A velha (e ainda a atual) escola preparou toda a gente para decorar matéria, despejá-la para o papel em 50 minutos e depois esquecer. Não preparou quase ninguém para todas as coisas realmente necessárias na sua vida e na profissão. Porquê? Porque a escola preparava cidadãos acríticos, trabalhadores braçais que apenas tinham de repetir para o resto da vida o que lhes era ensinado e gente que não saísse da norma. Não preparava cidadãos exigentes, profissionais qualificados e uma geração que conseguisse inovar.
(...) Mais: olhamos hoje para um miúdo de 9 anos de uma forma completamente diferente do que olhávamos há 50 anos. Achamos que não deve trabalhar, recusamos a violência física sobre ele, achamos que, sendo a disciplina importante, não chega para formar uma pessoa decente. Há quem tenha saudades doutros tempos? Não vejo como ter saudades de um país servil, atrasado e ignorante.
(...) Crato está, aos poucos, a destruir quase tudo o que de bom foi feito: o horário completo, a importância das disciplinas mais criativas, o uso de novas tecnologias, o programa de matemática que melhores resultados conseguiu. (...) Qualquer pessoa consegue chumbar um mau aluno. Difícil mesmo é criar condições para ensinar quem não consegue aprender.
Não vejo, de muitos professores, a revolta que sentiram com a atabalhoada avaliação que a antiga ministra lhes quis impor. Se fosse demagógico diria que avaliar os outros é sinal de exigência, mas sermos avaliados é uma chatice. (...)
A escola dos exames e dos rankins, a escola que Nuno Crato diz ser exigente, é a mais facilitista de todas as escolas. Massacra crianças com avaliações sucessivas. Não exige nada dela própria.
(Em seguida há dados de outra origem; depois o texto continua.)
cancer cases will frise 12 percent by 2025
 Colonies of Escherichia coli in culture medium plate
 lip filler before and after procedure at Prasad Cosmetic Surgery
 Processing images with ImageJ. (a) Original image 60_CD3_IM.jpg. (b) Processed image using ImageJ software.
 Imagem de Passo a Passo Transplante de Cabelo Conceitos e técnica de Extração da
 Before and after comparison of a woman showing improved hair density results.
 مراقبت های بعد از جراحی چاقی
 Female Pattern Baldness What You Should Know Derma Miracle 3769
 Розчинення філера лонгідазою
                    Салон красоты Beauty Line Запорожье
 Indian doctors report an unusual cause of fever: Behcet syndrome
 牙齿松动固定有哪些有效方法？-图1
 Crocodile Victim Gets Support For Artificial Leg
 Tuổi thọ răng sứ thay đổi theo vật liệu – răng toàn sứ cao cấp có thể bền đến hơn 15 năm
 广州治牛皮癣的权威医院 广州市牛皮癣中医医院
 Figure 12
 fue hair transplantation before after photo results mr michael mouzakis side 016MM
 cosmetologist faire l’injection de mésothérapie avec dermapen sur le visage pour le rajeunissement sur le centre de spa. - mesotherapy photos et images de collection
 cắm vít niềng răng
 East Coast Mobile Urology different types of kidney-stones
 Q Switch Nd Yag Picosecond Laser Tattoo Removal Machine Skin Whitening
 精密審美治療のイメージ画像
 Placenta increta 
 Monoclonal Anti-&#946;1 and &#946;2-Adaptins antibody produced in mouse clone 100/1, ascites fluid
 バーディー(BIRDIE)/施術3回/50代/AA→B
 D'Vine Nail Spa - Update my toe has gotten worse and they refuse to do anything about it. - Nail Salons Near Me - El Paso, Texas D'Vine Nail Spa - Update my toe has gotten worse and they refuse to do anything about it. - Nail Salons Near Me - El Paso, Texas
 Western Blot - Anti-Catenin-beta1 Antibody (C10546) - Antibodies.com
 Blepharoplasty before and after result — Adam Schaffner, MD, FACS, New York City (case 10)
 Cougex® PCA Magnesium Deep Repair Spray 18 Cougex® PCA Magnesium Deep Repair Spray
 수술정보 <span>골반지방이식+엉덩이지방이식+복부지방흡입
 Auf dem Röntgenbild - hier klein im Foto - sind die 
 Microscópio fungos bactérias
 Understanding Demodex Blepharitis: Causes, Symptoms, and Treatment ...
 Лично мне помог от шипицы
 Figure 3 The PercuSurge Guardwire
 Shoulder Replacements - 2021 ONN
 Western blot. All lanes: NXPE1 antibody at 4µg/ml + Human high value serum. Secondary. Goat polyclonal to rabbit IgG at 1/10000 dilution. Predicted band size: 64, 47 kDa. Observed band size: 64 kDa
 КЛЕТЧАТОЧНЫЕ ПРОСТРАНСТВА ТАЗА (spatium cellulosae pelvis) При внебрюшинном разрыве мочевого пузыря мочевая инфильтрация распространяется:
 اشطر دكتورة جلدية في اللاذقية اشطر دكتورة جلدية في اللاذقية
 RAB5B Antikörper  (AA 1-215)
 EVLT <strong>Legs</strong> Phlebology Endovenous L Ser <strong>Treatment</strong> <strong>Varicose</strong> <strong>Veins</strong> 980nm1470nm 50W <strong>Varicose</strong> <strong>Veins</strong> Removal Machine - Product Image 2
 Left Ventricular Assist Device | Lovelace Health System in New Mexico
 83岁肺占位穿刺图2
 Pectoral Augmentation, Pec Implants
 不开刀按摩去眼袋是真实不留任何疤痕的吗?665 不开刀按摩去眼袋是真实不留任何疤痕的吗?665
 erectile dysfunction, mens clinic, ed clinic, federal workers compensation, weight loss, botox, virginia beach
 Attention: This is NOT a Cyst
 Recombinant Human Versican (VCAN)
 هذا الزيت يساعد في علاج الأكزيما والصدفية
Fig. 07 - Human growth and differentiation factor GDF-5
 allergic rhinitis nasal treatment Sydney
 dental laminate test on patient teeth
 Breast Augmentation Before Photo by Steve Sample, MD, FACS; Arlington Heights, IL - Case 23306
Mas é, acima de tudo, um projeto social com contornos ideológicos bem definidos. A escola democrática ensina a questionar. A escola de uma sociedade que combate a desigualdade aplica-se nos que têm mais dificuldades. A escola de Crato ensina a decorar sem questionar e tem como principal função selecionar. Não, não é de educação e de ensino que tenho estado a falar. É do país que estamos, aos poucos, a recriar.»